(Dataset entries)
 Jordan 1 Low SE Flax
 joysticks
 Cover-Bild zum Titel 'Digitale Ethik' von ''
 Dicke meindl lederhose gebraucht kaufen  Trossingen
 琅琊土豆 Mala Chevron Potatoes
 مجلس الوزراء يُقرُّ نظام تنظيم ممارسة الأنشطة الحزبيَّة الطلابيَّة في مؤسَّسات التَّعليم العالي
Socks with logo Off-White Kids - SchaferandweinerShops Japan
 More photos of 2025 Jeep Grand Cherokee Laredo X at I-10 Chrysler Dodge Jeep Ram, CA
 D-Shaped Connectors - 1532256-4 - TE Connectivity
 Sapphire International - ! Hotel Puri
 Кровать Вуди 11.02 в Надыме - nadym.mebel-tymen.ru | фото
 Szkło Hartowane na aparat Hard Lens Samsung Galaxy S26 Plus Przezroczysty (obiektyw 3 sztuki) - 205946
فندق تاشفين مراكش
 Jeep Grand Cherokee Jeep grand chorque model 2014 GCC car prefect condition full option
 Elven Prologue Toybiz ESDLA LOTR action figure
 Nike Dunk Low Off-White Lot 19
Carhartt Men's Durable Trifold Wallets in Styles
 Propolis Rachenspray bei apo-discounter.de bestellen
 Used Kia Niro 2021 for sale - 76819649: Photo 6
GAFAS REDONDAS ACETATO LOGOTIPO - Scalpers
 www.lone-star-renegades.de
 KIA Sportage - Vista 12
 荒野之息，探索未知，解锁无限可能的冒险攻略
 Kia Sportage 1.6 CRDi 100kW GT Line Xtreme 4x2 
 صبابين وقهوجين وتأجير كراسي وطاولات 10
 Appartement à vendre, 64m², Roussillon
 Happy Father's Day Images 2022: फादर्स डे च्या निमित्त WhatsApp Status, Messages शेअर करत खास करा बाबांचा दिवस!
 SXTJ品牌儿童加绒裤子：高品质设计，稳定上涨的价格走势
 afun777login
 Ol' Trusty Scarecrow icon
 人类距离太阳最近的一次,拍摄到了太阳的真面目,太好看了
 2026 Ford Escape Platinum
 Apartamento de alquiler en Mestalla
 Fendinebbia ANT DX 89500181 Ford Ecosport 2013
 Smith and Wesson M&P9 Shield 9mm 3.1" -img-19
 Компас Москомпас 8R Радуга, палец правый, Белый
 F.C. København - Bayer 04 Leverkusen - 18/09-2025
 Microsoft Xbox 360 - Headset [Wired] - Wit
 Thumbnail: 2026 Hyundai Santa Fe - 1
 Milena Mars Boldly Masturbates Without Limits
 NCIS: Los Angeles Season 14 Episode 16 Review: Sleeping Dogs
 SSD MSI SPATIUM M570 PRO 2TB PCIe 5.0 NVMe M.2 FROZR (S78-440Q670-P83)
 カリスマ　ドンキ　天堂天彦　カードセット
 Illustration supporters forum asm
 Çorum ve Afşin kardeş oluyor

Problem requirements.
Copy every line from the data that includes the string "Jeep".

Response to the exercise.
 More photos of 2025 Jeep Grand Cherokee Laredo X at I-10 Chrysler Dodge Jeep Ram, CA
 Jeep Grand Cherokee Jeep grand chorque model 2014 GCC car prefect condition full option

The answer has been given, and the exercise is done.